People tell me that, broadly speaking, the difference between “machine learning” and “statistics” is that the former concerns itself with learning highly complex functional relationships in the high signal-to-noise regime, while the latter concerns itself with estimating simple functional relationships in the low signal-to-noise regime. (I believe this was on slide in Geoffrey Hinton’s talk at the Oxford Martin school). For instance, learning to assign text descriptions to photographs given a huge library of images with somewhat reliable meta-data would call for a machine learning algorithm (like ANNs with deep-learning). Conversely, estimating the relative risk of stomach ulcers as a side-effect of a new headache pill given only a handful of uncertain results from heterogeneous studies would call for a statistical approach (e.g. a Bayesian meta-analysis).

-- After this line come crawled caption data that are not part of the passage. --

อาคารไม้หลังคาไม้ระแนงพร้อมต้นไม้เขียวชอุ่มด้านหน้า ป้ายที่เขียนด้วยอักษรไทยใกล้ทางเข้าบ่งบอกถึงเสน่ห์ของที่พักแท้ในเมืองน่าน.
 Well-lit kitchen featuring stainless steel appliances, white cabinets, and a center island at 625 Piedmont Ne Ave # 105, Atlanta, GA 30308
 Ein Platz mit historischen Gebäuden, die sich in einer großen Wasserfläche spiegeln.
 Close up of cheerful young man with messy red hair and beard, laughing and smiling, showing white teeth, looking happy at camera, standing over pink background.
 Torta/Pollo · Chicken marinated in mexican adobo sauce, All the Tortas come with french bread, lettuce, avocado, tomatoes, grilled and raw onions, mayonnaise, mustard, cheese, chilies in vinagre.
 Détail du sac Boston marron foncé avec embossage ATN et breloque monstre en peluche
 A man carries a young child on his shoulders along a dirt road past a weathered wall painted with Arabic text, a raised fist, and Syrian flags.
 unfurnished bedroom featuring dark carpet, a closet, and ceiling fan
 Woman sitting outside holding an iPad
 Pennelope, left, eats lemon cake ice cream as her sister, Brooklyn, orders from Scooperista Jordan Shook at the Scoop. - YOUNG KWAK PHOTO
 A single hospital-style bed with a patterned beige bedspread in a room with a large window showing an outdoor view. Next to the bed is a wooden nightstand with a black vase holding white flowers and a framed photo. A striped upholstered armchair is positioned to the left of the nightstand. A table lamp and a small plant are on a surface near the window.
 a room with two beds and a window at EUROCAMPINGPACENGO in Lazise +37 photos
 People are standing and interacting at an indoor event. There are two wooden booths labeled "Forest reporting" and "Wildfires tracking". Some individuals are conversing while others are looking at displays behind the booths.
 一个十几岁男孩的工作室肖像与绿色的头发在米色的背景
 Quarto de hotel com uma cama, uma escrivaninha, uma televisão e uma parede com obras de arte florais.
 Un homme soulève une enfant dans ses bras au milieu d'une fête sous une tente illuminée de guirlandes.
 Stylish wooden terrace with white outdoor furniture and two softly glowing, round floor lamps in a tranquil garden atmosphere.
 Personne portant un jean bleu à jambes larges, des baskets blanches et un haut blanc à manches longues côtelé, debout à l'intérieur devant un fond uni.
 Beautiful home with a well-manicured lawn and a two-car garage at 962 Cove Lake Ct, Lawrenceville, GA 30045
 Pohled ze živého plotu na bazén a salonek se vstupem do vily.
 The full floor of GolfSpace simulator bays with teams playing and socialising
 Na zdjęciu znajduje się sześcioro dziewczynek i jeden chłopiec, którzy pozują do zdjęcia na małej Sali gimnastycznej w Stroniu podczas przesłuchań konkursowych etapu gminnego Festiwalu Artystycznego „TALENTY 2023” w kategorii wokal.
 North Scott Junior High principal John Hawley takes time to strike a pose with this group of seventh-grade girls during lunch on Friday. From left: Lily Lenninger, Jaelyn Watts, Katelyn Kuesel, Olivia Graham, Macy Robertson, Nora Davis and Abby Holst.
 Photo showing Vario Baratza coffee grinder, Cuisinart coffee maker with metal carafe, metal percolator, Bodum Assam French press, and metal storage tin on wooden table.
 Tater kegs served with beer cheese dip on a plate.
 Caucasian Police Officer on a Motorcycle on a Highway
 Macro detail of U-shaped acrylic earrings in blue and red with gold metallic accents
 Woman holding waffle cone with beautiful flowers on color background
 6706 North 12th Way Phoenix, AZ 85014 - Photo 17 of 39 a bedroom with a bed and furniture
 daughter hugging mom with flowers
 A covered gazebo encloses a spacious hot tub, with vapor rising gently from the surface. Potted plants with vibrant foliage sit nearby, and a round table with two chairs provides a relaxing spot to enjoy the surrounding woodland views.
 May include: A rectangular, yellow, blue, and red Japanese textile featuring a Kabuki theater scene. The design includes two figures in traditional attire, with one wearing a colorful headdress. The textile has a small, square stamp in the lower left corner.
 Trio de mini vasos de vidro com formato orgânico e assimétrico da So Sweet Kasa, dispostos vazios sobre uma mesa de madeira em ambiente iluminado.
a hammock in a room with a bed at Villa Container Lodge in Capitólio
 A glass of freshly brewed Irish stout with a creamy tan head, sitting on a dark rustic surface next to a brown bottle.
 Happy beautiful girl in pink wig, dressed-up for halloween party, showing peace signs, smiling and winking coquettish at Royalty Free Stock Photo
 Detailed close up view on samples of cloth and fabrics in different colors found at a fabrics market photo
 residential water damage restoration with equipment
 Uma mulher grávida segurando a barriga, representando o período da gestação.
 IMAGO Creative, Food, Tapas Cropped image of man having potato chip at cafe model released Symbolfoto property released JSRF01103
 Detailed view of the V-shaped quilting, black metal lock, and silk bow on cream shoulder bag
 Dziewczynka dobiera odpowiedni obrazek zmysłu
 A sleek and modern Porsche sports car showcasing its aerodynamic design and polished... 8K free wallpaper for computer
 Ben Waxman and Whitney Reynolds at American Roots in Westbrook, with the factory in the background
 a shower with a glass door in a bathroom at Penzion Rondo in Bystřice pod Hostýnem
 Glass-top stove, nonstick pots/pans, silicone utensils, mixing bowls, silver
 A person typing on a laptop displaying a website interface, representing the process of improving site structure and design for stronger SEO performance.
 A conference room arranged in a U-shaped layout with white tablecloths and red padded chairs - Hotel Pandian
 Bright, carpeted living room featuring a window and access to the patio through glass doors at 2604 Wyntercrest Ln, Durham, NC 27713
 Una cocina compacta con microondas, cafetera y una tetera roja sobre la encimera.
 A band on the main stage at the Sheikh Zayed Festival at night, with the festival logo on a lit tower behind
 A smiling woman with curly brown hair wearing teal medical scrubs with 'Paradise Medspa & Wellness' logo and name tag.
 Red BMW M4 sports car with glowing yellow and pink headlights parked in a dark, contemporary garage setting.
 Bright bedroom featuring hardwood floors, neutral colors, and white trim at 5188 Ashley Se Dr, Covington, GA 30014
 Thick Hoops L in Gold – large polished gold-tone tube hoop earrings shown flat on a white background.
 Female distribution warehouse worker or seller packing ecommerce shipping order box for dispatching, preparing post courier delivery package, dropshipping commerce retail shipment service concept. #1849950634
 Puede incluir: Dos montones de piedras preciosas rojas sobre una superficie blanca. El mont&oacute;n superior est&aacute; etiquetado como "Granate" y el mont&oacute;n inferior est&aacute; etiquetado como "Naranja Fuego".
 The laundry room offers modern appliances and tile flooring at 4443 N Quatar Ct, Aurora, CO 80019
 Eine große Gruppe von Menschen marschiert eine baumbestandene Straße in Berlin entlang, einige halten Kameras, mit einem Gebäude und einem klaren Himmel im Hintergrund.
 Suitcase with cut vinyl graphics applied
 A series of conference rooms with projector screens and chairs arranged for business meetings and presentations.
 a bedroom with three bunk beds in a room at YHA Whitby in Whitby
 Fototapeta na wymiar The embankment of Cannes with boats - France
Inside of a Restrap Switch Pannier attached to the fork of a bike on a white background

Now, if one can allow such a broad-brush classification one can imagine my surprise at seeing logistic regression (at face value, statistical) lumped together with support vector machines (intermediate) and random forests (machine learning) in a recent arXival by de los Rios et al.. Especially when there’s no detailed explanation of how the logistic regression model (for identification of merging clusters) was put together, and certainly no indication that terms other than linear were considered nor of any model discrimination / regularization constraints, such as would be required to push ordinary logistic regression into the machine learning regime. Indeed, all we are told is that the three off-the-shelf algorithms were tried in R and only random forests did anything. Looking at the ROC curve in their Fig 1 makes a stronger point: random forests was the only algorithm doing better than random guessing! For the referee this should have been a instant red flag pointing to either lazy or naive application of what are not fully automatic machine learning tools.
Compare this to de Souza et al. where we use only logistic regression but with a non-trivial set of candidate models including polynomial terms & interactions between coefficients with an information criterion (not shown) computed for model selection. To wit, it’s not the flavour of your algorithm it’s what you do with it!